DATA UNDER STUDY
┄┄┄┄┄┄┄┄┄┄┄┄┄┄┄┄┄┄┄┄
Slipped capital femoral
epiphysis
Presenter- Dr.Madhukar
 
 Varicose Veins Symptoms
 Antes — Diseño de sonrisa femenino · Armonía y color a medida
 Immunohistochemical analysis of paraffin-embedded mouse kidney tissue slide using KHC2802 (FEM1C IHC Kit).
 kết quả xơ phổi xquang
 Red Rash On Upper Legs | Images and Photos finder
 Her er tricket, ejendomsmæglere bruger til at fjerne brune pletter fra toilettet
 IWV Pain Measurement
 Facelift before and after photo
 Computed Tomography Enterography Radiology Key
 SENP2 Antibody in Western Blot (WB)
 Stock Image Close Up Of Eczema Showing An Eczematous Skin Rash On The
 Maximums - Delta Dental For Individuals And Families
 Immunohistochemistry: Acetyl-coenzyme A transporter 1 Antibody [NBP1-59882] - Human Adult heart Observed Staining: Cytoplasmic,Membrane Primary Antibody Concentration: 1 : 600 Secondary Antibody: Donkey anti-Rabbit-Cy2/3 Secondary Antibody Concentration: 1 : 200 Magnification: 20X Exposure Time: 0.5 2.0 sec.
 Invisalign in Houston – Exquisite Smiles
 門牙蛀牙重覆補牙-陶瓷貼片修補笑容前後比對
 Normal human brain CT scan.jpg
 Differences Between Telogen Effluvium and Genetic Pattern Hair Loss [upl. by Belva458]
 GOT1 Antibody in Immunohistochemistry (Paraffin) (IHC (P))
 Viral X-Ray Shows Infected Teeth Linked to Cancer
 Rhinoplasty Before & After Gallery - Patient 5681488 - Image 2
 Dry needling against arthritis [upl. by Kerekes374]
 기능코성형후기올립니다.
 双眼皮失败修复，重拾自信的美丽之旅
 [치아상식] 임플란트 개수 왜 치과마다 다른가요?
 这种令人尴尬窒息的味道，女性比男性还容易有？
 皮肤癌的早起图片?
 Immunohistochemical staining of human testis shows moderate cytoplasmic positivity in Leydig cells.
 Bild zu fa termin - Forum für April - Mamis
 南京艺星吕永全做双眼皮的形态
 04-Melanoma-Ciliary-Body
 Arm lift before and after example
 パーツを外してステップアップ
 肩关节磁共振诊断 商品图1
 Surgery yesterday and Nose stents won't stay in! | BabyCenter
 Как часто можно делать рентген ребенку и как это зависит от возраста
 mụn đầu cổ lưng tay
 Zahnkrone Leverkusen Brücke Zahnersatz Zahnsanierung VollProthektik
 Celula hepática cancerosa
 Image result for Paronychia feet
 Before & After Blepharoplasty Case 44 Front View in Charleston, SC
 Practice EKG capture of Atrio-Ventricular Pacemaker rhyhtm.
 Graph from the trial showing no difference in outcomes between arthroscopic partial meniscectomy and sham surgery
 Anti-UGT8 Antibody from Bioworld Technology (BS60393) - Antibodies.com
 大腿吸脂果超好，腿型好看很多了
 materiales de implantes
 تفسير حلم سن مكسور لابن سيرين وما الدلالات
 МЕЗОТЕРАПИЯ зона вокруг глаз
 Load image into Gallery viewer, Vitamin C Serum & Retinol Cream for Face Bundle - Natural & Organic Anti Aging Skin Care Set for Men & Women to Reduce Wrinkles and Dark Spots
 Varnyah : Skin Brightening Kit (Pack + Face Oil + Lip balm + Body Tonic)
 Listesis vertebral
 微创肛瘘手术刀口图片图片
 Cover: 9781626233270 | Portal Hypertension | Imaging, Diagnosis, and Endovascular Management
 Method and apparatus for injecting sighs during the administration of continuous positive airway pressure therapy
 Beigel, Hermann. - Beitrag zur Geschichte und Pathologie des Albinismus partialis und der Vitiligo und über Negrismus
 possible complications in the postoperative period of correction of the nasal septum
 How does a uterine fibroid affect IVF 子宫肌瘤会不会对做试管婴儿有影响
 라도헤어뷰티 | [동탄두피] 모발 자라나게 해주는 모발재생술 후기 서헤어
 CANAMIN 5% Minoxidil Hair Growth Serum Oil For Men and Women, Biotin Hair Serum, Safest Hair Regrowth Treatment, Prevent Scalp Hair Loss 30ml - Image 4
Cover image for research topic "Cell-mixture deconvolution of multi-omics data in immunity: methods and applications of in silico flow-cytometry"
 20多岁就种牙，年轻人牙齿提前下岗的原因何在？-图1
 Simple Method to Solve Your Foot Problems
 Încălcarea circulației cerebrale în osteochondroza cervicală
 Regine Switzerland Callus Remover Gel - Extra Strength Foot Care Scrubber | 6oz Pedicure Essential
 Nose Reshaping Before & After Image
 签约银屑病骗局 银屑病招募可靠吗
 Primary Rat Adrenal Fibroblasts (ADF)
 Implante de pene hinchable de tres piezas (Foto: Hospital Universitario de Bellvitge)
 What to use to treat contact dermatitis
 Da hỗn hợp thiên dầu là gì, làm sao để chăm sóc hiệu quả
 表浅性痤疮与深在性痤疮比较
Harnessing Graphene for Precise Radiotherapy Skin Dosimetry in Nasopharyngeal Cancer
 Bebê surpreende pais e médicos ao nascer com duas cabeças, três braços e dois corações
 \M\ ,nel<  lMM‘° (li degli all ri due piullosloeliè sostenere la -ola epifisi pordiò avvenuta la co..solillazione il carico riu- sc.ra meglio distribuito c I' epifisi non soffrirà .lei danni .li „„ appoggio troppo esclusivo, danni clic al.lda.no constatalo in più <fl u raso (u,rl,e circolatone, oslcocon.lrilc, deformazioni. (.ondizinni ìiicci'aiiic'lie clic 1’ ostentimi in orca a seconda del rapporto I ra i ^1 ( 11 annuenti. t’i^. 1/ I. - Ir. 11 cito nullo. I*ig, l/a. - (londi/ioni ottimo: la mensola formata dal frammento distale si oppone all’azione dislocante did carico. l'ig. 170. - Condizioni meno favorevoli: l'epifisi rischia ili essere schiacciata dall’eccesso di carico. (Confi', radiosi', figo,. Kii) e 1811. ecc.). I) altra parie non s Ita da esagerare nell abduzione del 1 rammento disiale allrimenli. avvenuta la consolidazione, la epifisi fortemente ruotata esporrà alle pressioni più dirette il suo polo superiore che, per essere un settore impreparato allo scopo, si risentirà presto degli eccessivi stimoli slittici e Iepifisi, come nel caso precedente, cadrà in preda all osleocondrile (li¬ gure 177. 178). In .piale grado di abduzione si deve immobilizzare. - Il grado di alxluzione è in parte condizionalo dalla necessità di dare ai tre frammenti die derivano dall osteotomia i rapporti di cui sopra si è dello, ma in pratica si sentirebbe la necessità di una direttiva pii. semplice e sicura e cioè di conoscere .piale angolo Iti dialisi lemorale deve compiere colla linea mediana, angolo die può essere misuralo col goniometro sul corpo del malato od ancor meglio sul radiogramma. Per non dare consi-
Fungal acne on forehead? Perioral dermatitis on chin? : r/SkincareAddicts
┄┄┄┄┄┄┄┄┄┄┄┄┄┄┄┄┄┄┄┄
REQUIRED WORK
Out of the records above, pull each line containing the word "Loss".

ANSWER BELOW
 Differences Between Telogen Effluvium and Genetic Pattern Hair Loss [upl. by Belva458]
 CANAMIN 5% Minoxidil Hair Growth Serum Oil For Men and Women, Biotin Hair Serum, Safest Hair Regrowth Treatment, Prevent Scalp Hair Loss 30ml - Image 4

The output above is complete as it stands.